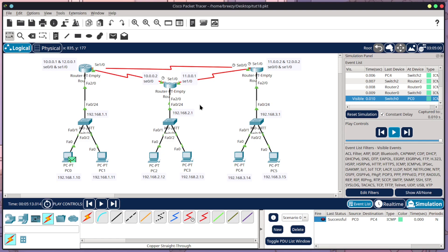But yeah, so that is how you can set up EIGRP routing within Cisco Packet Tracer and also how you can find issues if you make mistakes, which is very normal to make mistakes. But yeah, I hope you enjoyed this video. I do have the full video that shows the entire setup and I have static routing, RIP routing and OSPF as well. So yeah, I hope you enjoyed this video and I will see you in the next one. Bye.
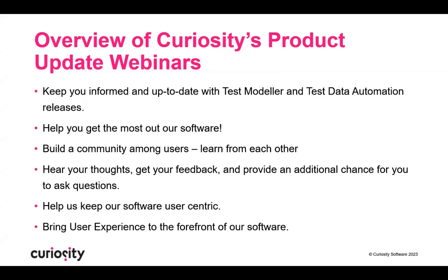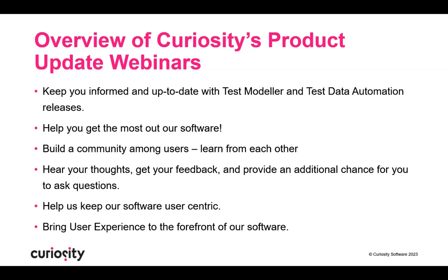Before we get going, I'd like to give everyone a quick overview of our Product Update webinars. The key objective is to keep you, the users, informed and up-to-date with all the great stuff our developers are doing. This will help you get the most out of our products and give you the chance to talk directly to our developers and other users. We want to encourage you to leave questions, talk in the chat, and invite your colleagues who might be interested to future updates.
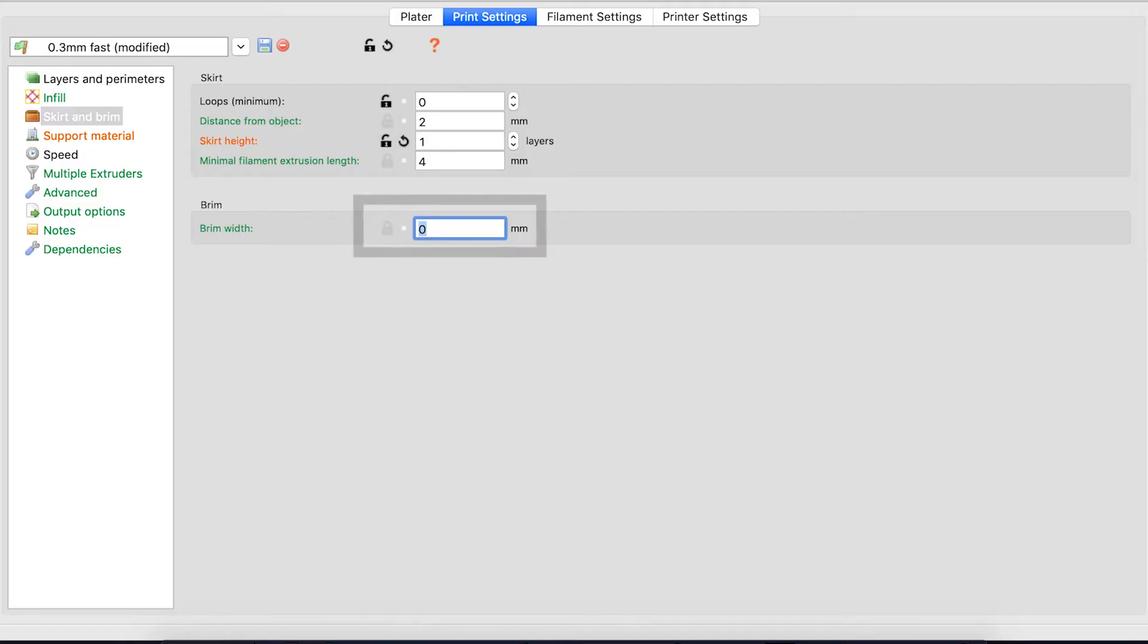Brim obviously also unifies the flow of plastic before it starts printing your part, so it's useful this way as well. You can obviously choose the surface area you want to cover with the brim.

→ What you need to do
What is needed is an exact retyping of the lines from the start of the data through the line with "Before we get", with both end lines kept and every picture left out.

→ Answer to this exercise
But yeah, so that is how you can set up EIGRP routing within Cisco Packet Tracer and also how you can find issues if you make mistakes, which is very normal to make mistakes. But yeah, I hope you enjoyed this video. I do have the full video that shows the entire setup and I have static routing, RIP routing and OSPF as well. So yeah, I hope you enjoyed this video and I will see you in the next one. Bye.
Before we get going, I'd like to give everyone a quick overview of our Product Update webinars. The key objective is to keep you, the users, informed and up-to-date with all the great stuff our developers are doing. This will help you get the most out of our products and give you the chance to talk directly to our developers and other users. We want to encourage you to leave questions, talk in the chat, and invite your colleagues who might be interested to future updates.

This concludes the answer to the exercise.